The growth of cross border retail and subscription sales has opened up a potentially significant new and exciting marketplace for the sale of magazines and publications. The expanded EU, extended supply chains and the increased commerciality of postal carriers allow access to these new markets, but often the tax considerations, and particularly the indirect tax implications, are not considered fully.
Although we live in a single European Community, the different VAT rates in the various member states inevitably creates a distortion of competition across the territories.
International VAT Rates
The table shows a selected snapshot of the VAT rates applicable on the domestic sale of magazines and periodicals in a number of different member states.

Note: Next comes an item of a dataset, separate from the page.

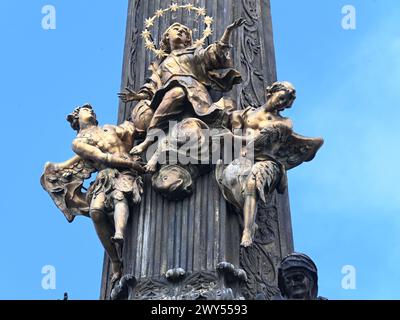 Olomouc, Repubblica Ceca. 4 aprile 2024. Monumento barocco (colonna della Trinità) la colonna della Santissima Trinità (Sloup Nejsvetejsi Trojice) a Olomouc, Repubblica Ceca, 4 aprile 2024, fu costruita tra il 1716 e il 1754. Nel 2000 è stato iscritto nella lista del patrimonio mondiale dell'UNESCO. Verrà ripristinato. Crediti: Ludek Perina/CTK Photo/Alamy Live News Foto Stock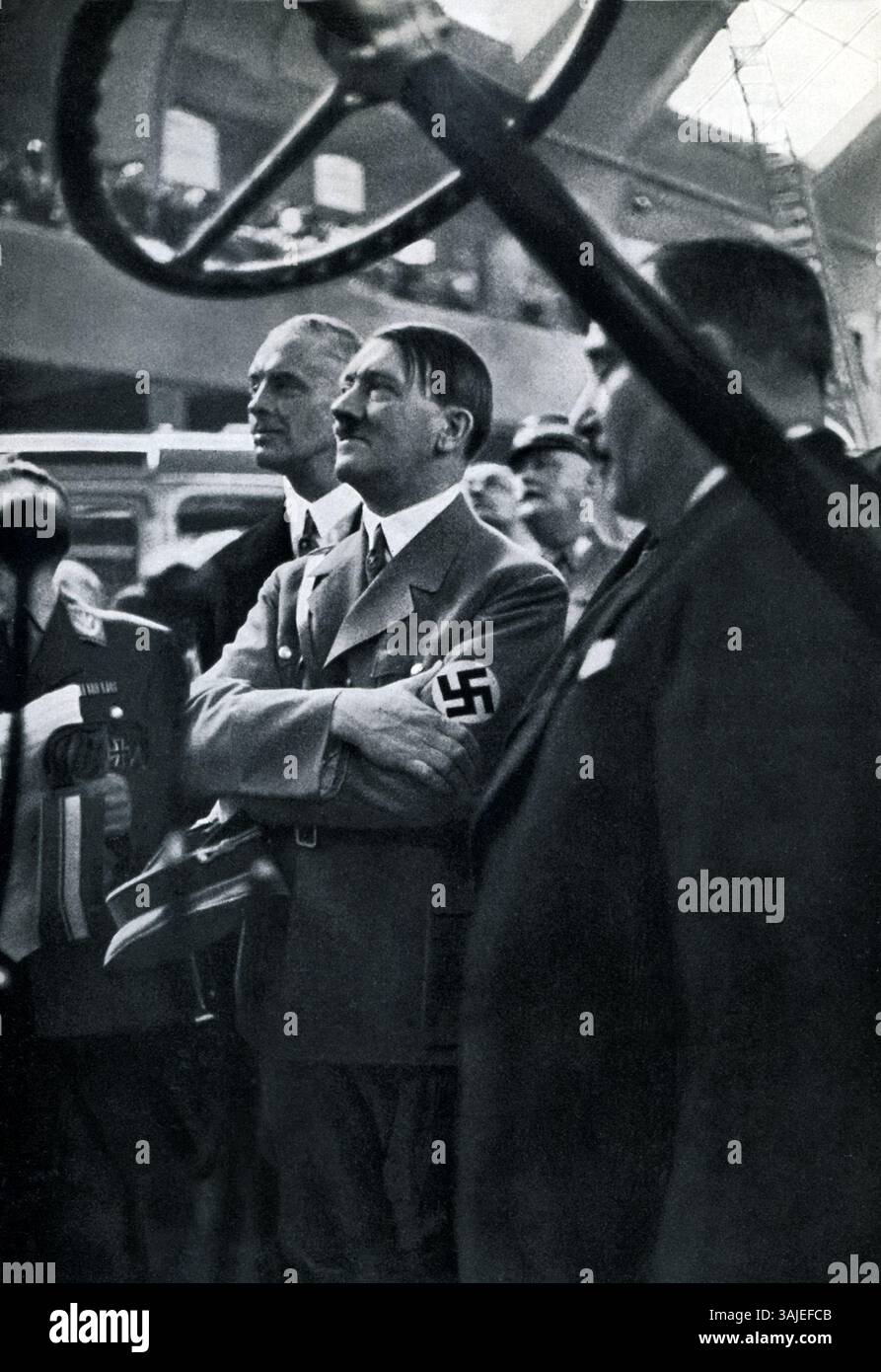 Deutschland, Berlin, 14.02.1935 Adolf Hitler (* 20. April 1889 in Braunau am Inn, 30. April 1945 in Berlin) war ein deutscher Politiker österreichischer Herkunft. Er war ab 29. Juli 1921 Vorsitzender der NSDAP, wurde am 30. Januar 1933 Reichskanzler und war von 1934 bis zu seinem Selbstmord 1945 unter dem Titel „Führer und Reichskanzler“ sowie ab 4. Februar 1938 Oberbefehlshaber der Wehrmacht. [Automatisierte Übersetzung] Stockfoto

EU Member State | VAT Rate on magazines |
Austria | 10% |
Belgium | 6% |
Denmark | 25% |
France | 2.1% |
Germany | 7% |
Hungary | 5% |
Ireland | 13.5% |
The Netherlands | 0% |
Portugal | 5% |
Slovakia | 19% |
United Kingdom | 0% |
Source: KPMG LLP (UK) |
So, the same item can attract a VAT rate of anywhere between 0-25% depending on which territory it is sold in, which is a highly significant difference. The distortion of competition is further exaggerated by the fact that online magazines and publications are invariably taxed at the standard VAT rate whereas many member states have a reduced VAT rate for their physical counterparts.
With the market open to such variances, it is inevitable that some suppliers have been considering ways in which they can supply publications and magazines into the positive VAT rate territories in a tax efficient manner, particularly where they may be looking to break into new sales territories…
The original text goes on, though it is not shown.